Learning from Greenwashing Lawsuits
Similar situations have occurred with greenwashing and ESG claims. In fact, company leaders who are looking at how not to proceed with AI would be wise to consider recent greenwashing and ESG lawsuits.
Truth in Advertising has tracked more than 100 lawsuits involving allegations of greenwashing – or making products and services seem more environmentally friendly than they actually are. The U.S. Department of Justice says Kohl’s and Walmart agreed to pay $2.5 million and $3 million, respectively, in civil penalties to settle allegations. These involved deceptive claims about products supposedly made of environmentally-friendly bamboo, when the products were actually made of rayon. In another case, Dairy News says Oatly, a Swedish oat drink company, agreed to a $9.25 million settlement over allegations of greenwashing. The lawsuit, which occurred after a $1.4 billion IPO, claimed that Oatly exaggerated environmental sustainability claims and engaged in financial misrepresentation.
Companies have also been accused of exaggerating diversity efforts.
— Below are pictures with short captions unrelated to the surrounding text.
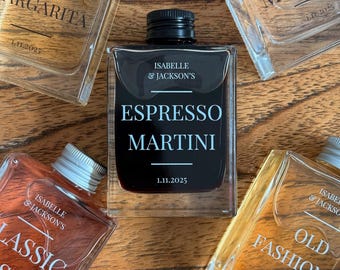 May include: An assortment of square glass bottles with black labels, each containing a different cocktail. The central bottle reads "Espresso Martini" with the date 1.11.2025. Other bottles are labeled "Spicy Margarita", "Dry Martini", "Classic Cosmo", and "Old Fashioned".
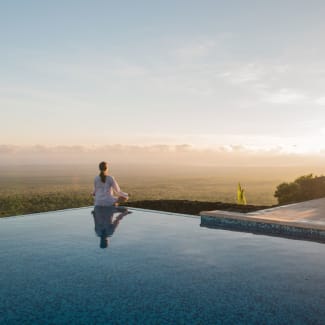 A woman meditating by the infinity pool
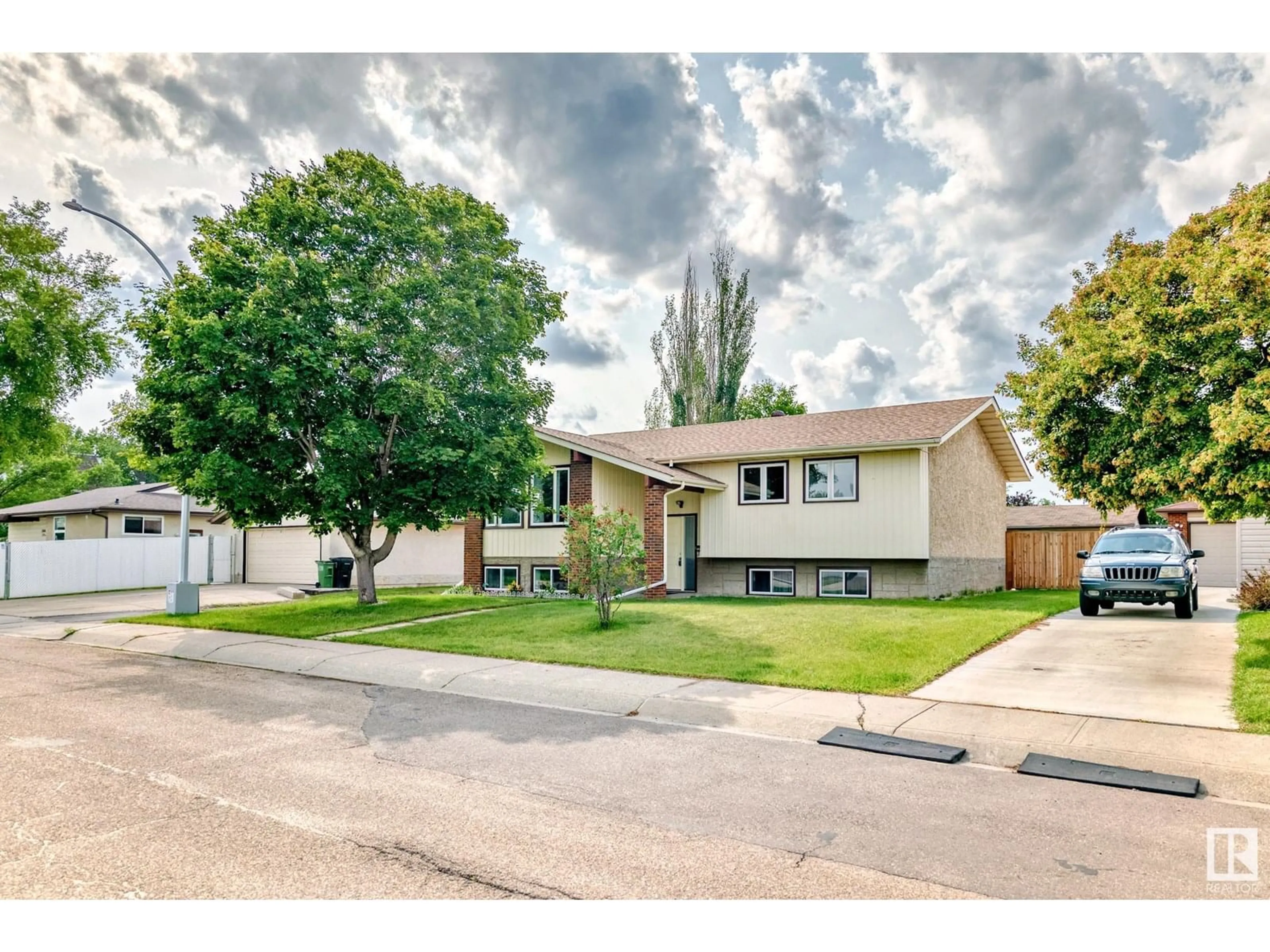 Home with vinyl exterior material, street for NW - 13908 120 ST, Edmonton Alberta T5X4X8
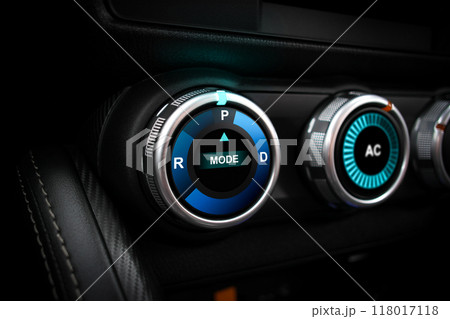 A rotary gear shift dial on the dashboard of an EV car or electric vehicle , P Parking A rotary gear shift dial on the dashboard of an EV car or electric vehicle , P Parking 118017118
According to Risk & Insurance, companies have been making ESG and DEI commitments – but if they fail to fulfill those promises, they may face lawsuits. In 2020, Jones Day said it was tracking an uptick in shareholder derivative actions claiming that officers and directors had misrepresented their companies’ commitment to diversity and inclusion, citing a lack of diversity among boards and senior executive teams.
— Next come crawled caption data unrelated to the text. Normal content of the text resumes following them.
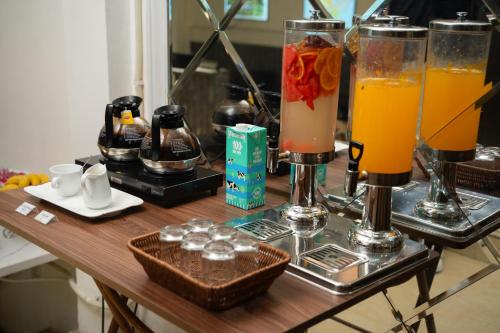 a table with two glasses of orange drinks on it at Hanoi Oldtown Nomad Hostel in Hanoi
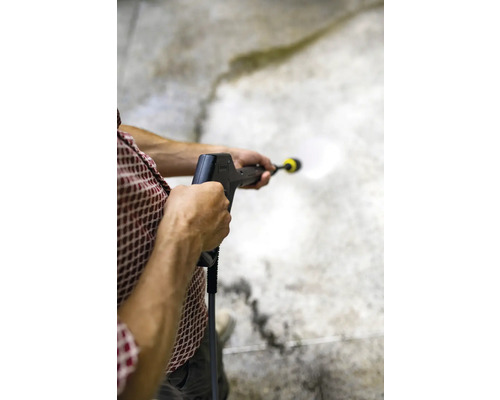 En person använder en högtryckstvätt för att rengöra en yta.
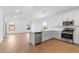 A kitchen with stainless steel appliances, a large island, white cabinets, and tile backsplash at 7552 W Park St, Laveen, AZ 85339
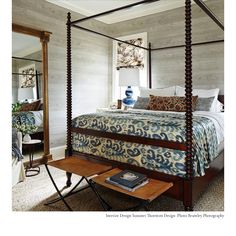 a bedroom with a four poster bed and mirror in the corner, along with a side table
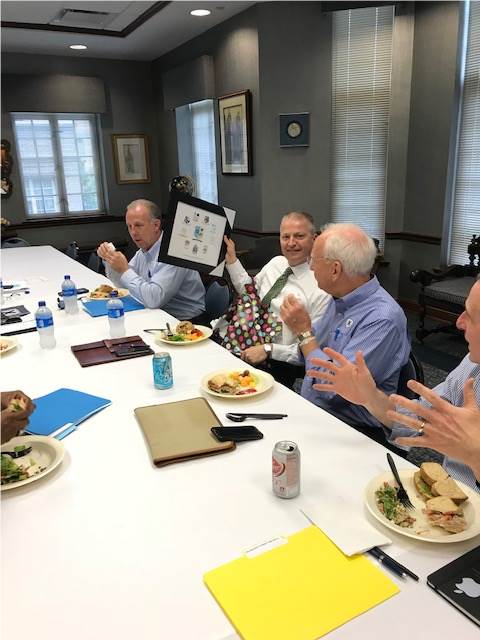 Photo of four men sitting at a table eating food and talking to each other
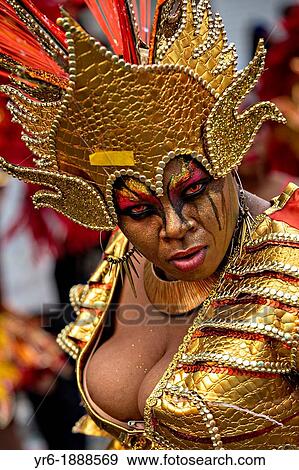 Stock Photo - Costumed dancers celebrate the New Year with the Junkanoo Parade on January 1, 2013 in Nassau, Bahamas The carnival like festival is celebrated in the early hours of the New Year lasting until the late morning and dates back to slavery days. Fotosearch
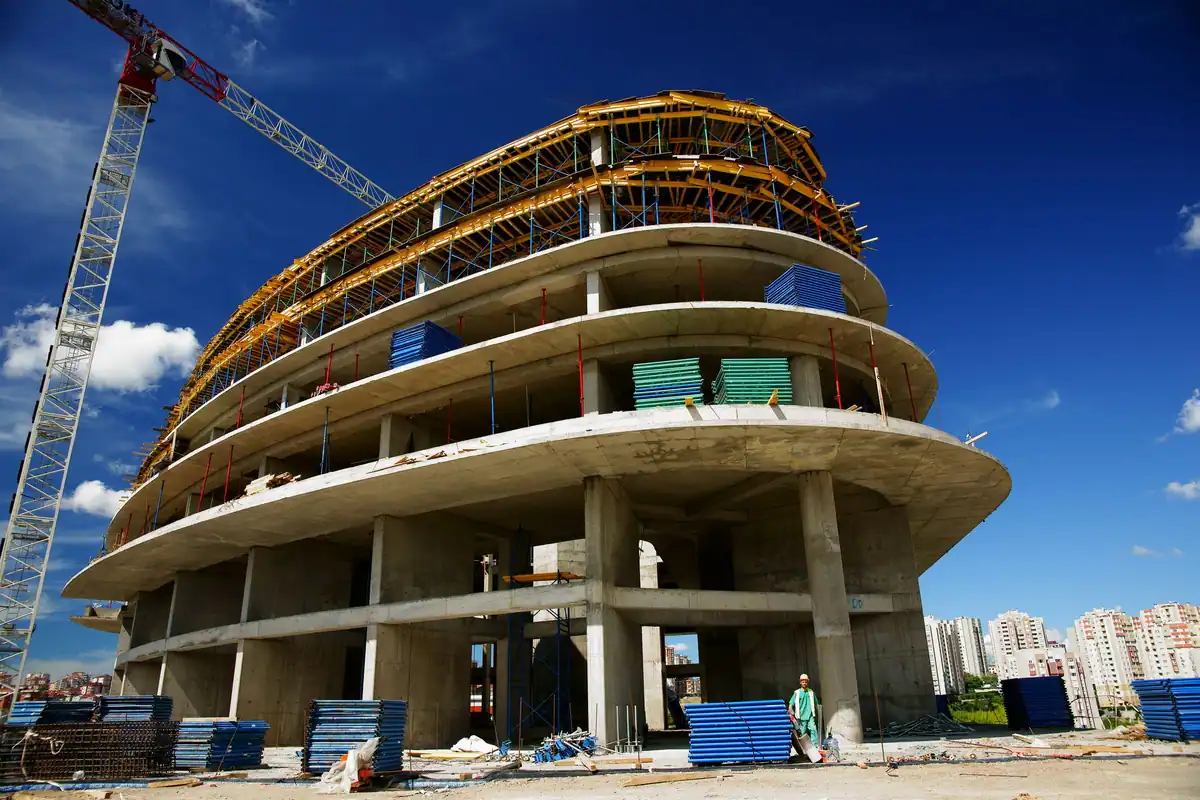 Clădire cu planșee din beton turnate în formă curbă, cu macara alături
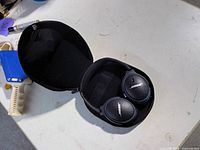Open carrying case showing Bose headphones inside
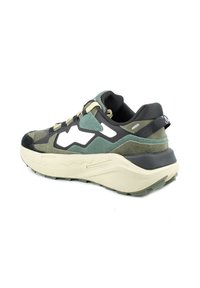 Scarpa sportiva con tomaia camouflage, dotata di pannelli in suede nero e verde, suola spessa color crema e accenti bianchi a contrasto nel design.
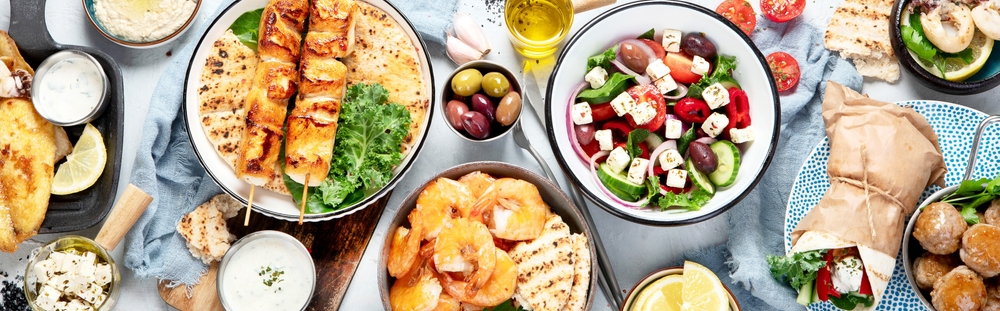 Grecka kuchnia i przekąski na stole: souvlaki, krewetki, sałatka grecka z fetą, oliwki i pita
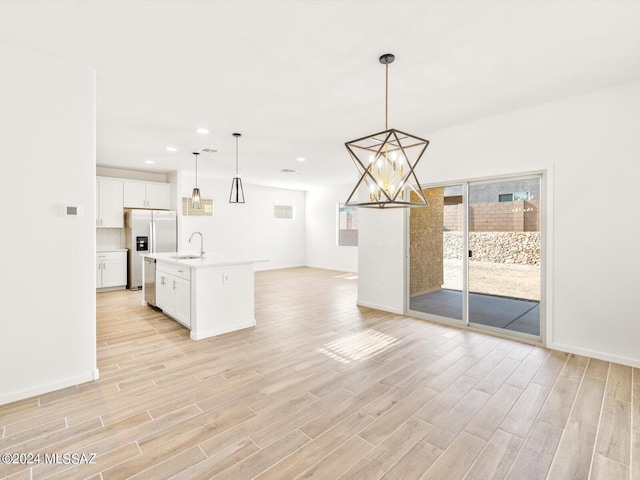 kitchen with light wood finished floors, open floor plan, light countertops, and a sink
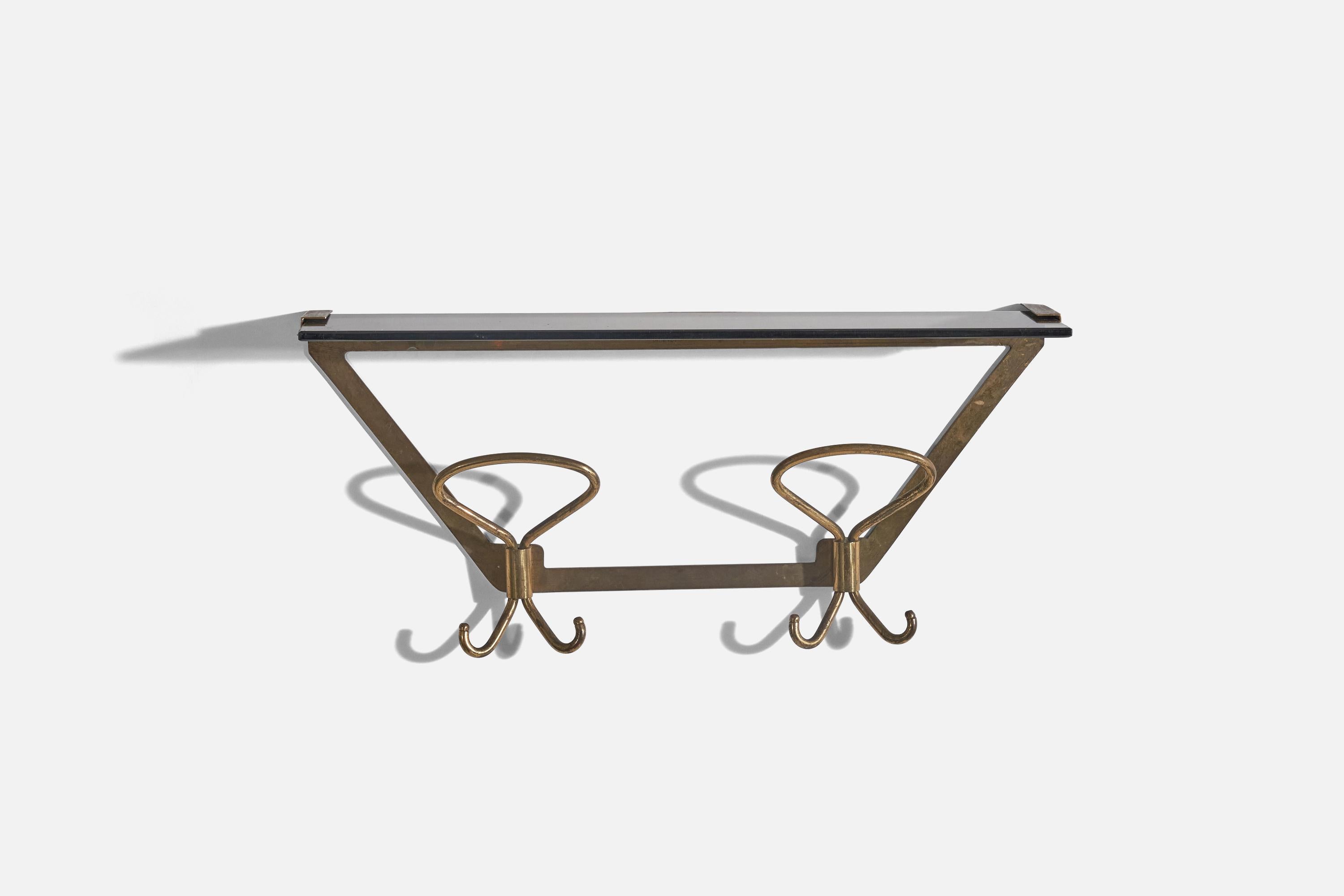 A brass and glass coat rack with top shelf, designed and produced by an Italian designer, Italy, 1940s.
Could Your Company Face Allegations of AI Washing?
Companies that are deliberately deceiving customers and investors about their AI capabilities may rightfully be called out for AI washing. However, even companies that don’t mean to be deceptive may end up facing allegations of AI washing if their actions don’t live up to the hype they create.
For example, a company may make vague but boastful claims about leveraging AI. The company leaders may think these claims are safe because they are vague. However, vague claims may be particularly difficult to substantiate, which may lead to disputes. Likewise, companies may make aspirational claims about AI. The company may want the claims to become true, but investors may feel deceived if this proves impossible.